"Most importantly, we have to change the culture of hardware design. Today, we don’t have open sharing … "
This, to the 100th power.
The culture in the EDA industry is stuck in the 1950's when it comes to collaboration and sharing, it's very frustrating for newcomers and people who want to learn the trade.
As was pointed out by someone in another hardware related HN thread, what can you expect from an industry that is still stuck calling a component "Intellectual Property"?
The un-sharing is built into the very names used to describe things.
>> "Most importantly, we have to change the culture of hardware design. Today, we don’t have open sharing … "
I'll have popcorn ready for the eventuality where IP blocks are widely available under GPL type of FOSS licenses and Intel|AMD|ARM|TI|... is eventually found to include one or more of those open sourced blocks with incompatible license in their chips.
First off, the RISC-V community is based on the open ISA. There are several open implementations of the ISA. And the RISC-V community is meaking good headways in developing open tools, peripheral cores etc.
Secondly there are at least two attempts at collecting and tracking open cores for FPGA- and ASIC-implementations.
LibreCores is the newer project. They have collected quite a few projects:
https://www.librecores.org/ https://www.librecores.org/project/list
Related to LibreCores is the SoC-builder and core package handler Fusesoc by Olof Kindgren. Fusesoc makes creating your SoC easy:
https://github.com/olofk/fusesoc
The older project is OpenCores. OpenCores has been quite tightly related to the OpenRISC CPU core, the wishbone set of on-chip interconnect solutions. They have been used in many FPGAs and ASICs
https://opencores.org/ https://openrisc.io/
Then you have projects like Cryptech that develops a complete, totally open, Hardware Security Module capable of doing certificate signing, OpenDNSSEC signing etc. The Cryptech Alpha design from PCB to FPGA cores and SW including pkcs11 handling is open. The project has amassed quite a few cores. The PCB design is available in kiCAD. (disclaimer: I'm part of the Cryptech core team doing a lot of the FPGA design work.)
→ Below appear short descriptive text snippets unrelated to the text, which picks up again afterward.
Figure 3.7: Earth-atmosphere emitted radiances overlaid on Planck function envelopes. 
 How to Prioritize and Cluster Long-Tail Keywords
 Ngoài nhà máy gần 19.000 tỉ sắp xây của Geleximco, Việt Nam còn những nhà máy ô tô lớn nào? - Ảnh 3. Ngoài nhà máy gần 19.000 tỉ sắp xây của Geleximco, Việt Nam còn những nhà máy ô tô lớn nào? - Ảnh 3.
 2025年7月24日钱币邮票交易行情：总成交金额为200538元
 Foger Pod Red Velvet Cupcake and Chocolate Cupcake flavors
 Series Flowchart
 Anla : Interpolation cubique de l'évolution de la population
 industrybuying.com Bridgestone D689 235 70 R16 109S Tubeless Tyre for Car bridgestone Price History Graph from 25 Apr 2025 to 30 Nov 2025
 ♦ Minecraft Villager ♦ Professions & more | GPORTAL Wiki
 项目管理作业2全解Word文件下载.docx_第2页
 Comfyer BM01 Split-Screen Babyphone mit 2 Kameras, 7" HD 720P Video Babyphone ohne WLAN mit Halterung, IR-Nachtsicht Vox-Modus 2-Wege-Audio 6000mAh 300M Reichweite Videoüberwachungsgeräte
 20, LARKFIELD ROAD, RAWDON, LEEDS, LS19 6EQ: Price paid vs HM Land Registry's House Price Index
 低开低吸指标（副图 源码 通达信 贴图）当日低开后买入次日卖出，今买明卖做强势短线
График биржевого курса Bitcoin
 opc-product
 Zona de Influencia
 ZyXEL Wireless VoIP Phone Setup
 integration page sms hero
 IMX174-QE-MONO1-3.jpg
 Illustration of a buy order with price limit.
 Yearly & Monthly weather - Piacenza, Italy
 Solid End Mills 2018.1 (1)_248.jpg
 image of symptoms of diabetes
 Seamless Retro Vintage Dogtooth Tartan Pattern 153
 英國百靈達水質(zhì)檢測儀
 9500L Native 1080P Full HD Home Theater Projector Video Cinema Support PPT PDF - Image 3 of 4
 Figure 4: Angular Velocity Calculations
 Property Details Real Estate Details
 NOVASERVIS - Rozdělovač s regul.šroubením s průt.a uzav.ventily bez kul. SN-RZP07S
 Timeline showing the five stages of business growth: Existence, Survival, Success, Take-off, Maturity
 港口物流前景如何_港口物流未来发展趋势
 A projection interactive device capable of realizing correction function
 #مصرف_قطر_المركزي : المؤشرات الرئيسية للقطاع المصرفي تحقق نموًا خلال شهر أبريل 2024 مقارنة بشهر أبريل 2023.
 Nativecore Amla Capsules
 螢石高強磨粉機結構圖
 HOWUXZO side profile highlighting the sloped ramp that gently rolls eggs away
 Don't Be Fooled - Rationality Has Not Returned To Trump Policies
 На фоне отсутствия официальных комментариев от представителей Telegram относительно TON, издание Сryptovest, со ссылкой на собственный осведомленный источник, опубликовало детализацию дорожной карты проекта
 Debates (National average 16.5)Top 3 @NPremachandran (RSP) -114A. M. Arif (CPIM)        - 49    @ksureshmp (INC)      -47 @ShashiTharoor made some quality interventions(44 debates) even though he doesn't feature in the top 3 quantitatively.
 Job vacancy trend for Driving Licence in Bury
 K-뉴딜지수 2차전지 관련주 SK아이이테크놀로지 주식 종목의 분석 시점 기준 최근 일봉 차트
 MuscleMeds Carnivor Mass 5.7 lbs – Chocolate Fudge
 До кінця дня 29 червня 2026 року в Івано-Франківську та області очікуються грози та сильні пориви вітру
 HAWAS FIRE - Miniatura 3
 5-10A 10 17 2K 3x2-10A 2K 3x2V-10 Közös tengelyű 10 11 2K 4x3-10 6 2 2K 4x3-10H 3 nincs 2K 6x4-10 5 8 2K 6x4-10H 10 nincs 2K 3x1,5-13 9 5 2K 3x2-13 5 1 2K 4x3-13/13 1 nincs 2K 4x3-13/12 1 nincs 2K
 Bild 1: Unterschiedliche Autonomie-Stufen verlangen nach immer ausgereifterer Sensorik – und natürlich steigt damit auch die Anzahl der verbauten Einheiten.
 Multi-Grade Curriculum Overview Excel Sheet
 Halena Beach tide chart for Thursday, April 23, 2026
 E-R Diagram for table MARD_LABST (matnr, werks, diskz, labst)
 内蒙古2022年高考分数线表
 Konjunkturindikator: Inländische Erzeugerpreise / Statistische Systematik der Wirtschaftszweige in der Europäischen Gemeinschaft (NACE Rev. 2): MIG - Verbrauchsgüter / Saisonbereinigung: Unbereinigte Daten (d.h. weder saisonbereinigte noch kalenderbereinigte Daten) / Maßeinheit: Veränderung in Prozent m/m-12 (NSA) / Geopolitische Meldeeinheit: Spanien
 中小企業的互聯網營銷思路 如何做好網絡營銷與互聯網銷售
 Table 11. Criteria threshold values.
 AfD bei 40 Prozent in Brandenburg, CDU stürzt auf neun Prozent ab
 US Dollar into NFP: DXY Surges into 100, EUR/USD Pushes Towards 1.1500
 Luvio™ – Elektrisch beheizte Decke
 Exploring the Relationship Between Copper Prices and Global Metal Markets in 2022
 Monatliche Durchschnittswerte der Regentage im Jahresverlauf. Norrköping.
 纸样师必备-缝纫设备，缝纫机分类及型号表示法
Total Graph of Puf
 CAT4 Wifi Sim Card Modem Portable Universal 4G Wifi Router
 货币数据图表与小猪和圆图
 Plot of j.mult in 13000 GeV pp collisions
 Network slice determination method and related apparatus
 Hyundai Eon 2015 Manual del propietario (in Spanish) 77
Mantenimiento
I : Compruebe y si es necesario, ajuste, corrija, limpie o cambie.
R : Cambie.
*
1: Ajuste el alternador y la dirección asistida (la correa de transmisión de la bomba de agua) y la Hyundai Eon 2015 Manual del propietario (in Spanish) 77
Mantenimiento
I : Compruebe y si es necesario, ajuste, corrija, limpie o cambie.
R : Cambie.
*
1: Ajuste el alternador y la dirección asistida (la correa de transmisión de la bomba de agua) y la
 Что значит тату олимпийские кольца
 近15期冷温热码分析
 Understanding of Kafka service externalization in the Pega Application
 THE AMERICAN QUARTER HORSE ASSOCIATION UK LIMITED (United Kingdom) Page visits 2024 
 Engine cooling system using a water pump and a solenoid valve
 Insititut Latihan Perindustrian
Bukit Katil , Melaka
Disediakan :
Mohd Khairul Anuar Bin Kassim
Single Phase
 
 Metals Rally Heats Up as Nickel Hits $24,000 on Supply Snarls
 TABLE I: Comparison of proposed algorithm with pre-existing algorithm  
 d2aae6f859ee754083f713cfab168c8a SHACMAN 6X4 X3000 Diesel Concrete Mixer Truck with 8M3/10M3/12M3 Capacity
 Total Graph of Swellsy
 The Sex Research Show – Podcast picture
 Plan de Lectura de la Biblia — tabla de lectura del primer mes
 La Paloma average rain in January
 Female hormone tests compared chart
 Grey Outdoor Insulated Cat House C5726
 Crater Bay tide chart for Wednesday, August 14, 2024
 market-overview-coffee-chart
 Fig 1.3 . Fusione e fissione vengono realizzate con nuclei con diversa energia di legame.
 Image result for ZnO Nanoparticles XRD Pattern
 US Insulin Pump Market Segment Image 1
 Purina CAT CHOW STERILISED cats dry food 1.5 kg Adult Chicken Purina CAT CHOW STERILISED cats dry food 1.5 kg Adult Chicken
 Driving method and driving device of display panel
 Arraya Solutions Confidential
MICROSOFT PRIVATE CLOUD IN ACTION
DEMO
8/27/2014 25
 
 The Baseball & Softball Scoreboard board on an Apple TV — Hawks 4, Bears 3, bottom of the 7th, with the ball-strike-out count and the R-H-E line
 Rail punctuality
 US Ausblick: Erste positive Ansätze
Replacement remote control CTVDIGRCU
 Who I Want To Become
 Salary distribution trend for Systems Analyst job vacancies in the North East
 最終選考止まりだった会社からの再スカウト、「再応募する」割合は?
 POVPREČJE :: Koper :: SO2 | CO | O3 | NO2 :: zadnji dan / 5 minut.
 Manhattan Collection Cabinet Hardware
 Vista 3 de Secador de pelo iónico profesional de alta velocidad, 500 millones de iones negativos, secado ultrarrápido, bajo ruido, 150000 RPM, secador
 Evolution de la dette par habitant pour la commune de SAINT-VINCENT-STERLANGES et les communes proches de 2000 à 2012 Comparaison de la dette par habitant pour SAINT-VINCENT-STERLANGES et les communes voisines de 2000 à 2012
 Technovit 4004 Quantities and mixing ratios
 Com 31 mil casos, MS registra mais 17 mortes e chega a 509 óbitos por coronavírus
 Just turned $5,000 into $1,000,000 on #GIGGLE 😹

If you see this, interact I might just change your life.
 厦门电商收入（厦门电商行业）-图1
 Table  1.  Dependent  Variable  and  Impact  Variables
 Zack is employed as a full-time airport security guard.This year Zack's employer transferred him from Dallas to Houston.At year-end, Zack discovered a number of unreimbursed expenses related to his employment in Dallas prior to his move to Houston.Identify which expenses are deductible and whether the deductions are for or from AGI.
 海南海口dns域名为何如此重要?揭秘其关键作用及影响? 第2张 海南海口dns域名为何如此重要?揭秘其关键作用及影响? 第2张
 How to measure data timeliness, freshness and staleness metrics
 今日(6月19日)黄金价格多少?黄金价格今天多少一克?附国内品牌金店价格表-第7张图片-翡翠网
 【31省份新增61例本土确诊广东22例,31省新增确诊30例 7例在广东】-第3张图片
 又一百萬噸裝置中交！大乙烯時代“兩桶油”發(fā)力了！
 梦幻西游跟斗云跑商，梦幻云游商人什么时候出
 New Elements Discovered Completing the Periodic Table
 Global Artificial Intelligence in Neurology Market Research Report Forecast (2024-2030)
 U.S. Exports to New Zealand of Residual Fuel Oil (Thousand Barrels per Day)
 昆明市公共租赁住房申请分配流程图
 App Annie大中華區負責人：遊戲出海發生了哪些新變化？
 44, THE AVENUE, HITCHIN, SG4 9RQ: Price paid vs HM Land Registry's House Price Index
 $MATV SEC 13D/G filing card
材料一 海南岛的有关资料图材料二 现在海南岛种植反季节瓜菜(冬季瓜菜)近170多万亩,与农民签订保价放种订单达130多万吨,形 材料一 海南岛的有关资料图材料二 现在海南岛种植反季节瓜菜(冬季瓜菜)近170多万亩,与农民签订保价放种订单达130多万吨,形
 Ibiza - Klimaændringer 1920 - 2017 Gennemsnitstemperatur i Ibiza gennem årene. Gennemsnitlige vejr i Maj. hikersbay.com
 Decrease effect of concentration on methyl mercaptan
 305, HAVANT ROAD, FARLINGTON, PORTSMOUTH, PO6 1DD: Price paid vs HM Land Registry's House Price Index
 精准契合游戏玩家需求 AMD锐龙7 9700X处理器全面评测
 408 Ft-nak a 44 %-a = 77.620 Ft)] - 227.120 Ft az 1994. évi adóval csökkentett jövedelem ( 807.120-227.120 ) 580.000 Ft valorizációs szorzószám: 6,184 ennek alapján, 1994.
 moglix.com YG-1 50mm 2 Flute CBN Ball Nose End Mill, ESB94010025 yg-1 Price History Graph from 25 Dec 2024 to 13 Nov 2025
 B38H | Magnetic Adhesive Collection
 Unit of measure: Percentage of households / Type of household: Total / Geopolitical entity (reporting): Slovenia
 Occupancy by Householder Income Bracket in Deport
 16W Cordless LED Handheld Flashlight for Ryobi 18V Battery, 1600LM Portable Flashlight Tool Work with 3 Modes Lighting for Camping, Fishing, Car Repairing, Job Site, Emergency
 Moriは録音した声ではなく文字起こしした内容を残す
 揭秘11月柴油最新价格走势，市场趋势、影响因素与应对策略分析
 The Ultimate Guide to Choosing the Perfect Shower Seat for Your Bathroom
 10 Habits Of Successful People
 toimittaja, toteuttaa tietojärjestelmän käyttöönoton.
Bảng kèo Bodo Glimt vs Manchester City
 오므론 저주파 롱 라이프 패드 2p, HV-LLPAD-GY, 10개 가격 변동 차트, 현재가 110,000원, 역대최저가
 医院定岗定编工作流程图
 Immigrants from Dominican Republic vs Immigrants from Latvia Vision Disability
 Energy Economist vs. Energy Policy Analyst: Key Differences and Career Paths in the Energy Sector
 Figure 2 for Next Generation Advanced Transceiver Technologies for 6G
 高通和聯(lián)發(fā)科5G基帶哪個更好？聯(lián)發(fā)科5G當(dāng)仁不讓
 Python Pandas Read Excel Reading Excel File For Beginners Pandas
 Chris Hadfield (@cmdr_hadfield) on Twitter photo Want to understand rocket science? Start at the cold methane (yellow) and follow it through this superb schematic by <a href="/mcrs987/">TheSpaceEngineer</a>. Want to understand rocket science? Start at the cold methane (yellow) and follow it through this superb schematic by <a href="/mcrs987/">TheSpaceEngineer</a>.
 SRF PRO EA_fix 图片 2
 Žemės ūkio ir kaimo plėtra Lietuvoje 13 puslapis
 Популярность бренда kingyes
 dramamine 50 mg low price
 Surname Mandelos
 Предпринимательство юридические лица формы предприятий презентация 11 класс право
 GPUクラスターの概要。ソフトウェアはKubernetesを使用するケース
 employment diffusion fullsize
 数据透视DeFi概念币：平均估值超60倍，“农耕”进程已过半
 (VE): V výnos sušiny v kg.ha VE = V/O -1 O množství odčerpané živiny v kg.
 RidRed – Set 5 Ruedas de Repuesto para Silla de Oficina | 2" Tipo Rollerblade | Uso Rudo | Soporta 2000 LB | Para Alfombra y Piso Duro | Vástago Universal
https://cryptech.is/ https://trac.cryptech.is/wiki/GitRepositories
Speaking of tools like KiCAD, there are aqtually quite a few open tools for HW design. For simuation there are Icarus Verilog, Verilator, cver for example. They might not be as fast as VCS by Synoptsys. But they do work. I use them daily.
http://iverilog.icarus.com/ https://www.veripool.org/projects/verilator/wiki/Intro
For synthesis, P&R the state is less good. For implementation in Altera and Xilinx devices you currently have to use the cost free tools from the vendors. But there is work ongoing to reverse engineer Xilinx Spartan devices. I don't know the current state though.
But what has been reverse engineered are the ICE40 FPGA devices from Lattice. And for these you can use the open tool Yosys by Clifford Wolf (also mentioned below by someone else).
And if you are looking for open implementations of crypto functions etc I have quite a few on Github and try to develop more all the time:
The sha256 and aes cores has been used in quite a few FPGA and ASIC designs. Right now I'm working on completing cores for the Blake2b and Blake2s hash functions.
I agree that we in the HW community is waay behind the SW community in terms of open tools, libraries (i.e. cores). But it is not totally rotten, and it is getting better. RISC-V is to me really exciting.